> WHAT IS BEING ASKED:
Of the lines in the data below, write out exactly those from the one holding "Hawaiian Orchid Long Dress Hilo Hattie" through the one holding "Oranžový tulipán- svícen, výška 13 cm - 4 Oranžový", both included.

··· DATA RECORDS

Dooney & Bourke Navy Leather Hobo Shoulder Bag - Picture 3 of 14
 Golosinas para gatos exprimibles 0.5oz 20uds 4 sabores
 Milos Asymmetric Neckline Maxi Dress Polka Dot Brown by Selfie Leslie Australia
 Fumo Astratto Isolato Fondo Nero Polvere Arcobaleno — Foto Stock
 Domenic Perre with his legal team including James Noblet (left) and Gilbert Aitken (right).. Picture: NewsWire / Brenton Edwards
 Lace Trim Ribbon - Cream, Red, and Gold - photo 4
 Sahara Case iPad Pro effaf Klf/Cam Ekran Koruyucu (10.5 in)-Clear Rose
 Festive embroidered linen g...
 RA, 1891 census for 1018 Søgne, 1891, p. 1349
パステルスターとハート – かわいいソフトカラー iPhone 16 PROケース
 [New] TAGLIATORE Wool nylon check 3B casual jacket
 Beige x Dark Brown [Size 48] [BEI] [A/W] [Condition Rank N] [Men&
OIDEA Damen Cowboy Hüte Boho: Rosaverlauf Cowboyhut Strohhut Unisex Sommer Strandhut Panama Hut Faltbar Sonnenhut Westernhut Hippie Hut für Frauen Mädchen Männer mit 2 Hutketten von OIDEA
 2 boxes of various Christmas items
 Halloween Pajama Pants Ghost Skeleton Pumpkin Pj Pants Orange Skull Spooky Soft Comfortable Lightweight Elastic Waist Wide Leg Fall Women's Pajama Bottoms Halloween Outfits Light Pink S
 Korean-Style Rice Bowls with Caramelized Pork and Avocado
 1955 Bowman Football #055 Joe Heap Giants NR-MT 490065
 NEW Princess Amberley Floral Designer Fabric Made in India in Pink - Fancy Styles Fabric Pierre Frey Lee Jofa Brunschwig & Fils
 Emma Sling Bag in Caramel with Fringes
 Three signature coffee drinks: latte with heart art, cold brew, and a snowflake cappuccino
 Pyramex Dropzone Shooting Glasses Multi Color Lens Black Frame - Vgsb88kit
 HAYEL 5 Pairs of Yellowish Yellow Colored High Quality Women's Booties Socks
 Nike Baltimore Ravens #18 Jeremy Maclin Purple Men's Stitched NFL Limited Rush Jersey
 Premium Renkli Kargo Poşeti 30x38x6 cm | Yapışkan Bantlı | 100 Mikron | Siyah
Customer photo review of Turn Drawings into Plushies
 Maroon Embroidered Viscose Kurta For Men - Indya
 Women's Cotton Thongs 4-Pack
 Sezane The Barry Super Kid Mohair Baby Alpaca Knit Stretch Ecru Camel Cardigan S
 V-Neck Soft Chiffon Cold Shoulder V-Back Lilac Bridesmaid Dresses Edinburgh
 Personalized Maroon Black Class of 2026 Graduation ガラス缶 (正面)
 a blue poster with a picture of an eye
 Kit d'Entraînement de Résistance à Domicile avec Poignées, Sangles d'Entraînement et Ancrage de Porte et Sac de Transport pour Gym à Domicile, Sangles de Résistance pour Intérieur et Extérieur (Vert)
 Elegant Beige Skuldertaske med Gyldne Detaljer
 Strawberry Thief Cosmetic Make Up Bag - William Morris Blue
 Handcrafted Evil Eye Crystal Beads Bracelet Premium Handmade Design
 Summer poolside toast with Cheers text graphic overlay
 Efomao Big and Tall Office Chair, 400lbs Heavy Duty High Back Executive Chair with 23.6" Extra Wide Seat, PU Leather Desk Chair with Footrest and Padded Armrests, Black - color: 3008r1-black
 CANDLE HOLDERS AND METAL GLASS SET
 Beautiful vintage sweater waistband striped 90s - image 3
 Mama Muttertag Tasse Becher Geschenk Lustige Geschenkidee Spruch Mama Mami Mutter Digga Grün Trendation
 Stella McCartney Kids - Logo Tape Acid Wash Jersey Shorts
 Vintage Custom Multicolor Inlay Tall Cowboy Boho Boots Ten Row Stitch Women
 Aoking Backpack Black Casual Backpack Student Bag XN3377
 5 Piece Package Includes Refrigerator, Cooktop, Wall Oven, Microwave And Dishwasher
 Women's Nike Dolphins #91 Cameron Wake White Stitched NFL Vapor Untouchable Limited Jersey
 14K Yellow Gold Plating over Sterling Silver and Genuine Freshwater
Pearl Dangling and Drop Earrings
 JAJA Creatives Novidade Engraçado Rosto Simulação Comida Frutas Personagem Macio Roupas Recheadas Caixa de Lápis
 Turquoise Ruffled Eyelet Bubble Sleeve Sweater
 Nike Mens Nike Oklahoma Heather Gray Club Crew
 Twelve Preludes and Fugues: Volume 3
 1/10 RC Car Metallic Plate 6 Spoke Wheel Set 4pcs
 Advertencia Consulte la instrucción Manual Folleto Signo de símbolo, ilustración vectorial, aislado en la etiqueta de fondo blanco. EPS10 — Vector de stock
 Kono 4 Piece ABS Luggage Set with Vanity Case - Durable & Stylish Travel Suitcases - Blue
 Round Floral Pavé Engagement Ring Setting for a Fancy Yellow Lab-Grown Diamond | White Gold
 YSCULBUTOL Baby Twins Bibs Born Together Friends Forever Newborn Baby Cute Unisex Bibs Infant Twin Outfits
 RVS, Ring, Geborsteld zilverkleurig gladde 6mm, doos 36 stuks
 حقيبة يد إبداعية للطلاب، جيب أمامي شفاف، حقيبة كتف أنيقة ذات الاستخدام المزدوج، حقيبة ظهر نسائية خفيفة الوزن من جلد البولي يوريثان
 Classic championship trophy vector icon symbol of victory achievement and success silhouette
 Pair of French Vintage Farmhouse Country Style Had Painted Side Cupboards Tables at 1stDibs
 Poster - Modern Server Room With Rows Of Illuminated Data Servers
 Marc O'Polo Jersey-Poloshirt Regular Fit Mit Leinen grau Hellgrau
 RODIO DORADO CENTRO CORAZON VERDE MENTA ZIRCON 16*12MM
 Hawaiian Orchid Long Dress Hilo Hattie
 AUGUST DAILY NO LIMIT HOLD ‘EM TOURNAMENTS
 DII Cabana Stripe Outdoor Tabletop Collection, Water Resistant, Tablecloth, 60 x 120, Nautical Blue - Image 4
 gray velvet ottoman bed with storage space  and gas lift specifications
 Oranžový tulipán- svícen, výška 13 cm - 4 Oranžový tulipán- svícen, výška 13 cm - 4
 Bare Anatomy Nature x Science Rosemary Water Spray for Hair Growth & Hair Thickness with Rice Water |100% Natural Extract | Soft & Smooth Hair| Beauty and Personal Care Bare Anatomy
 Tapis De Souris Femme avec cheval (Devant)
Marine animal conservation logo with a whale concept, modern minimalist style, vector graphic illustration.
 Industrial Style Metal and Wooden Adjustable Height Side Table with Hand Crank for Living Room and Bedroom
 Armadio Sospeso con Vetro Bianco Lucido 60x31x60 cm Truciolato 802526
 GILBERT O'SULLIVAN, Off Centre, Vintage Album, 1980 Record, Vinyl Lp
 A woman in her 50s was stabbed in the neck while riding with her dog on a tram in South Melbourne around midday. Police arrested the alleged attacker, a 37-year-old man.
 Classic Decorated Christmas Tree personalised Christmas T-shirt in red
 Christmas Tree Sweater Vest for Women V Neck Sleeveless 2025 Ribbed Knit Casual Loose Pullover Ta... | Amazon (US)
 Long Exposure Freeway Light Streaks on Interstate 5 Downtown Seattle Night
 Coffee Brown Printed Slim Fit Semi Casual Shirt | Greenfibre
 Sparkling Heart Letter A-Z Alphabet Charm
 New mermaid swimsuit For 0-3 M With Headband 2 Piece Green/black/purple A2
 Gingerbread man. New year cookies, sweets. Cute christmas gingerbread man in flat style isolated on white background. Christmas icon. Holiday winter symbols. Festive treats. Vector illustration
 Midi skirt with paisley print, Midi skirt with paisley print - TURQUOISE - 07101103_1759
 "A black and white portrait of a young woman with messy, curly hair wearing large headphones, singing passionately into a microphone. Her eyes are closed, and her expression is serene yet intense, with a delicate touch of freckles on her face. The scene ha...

······

> EXERCISE RESPONSE:
 Hawaiian Orchid Long Dress Hilo Hattie
 AUGUST DAILY NO LIMIT HOLD ‘EM TOURNAMENTS
 DII Cabana Stripe Outdoor Tabletop Collection, Water Resistant, Tablecloth, 60 x 120, Nautical Blue - Image 4
 gray velvet ottoman bed with storage space  and gas lift specifications
 Oranžový tulipán- svícen, výška 13 cm - 4 Oranžový tulipán- svícen, výška 13 cm - 4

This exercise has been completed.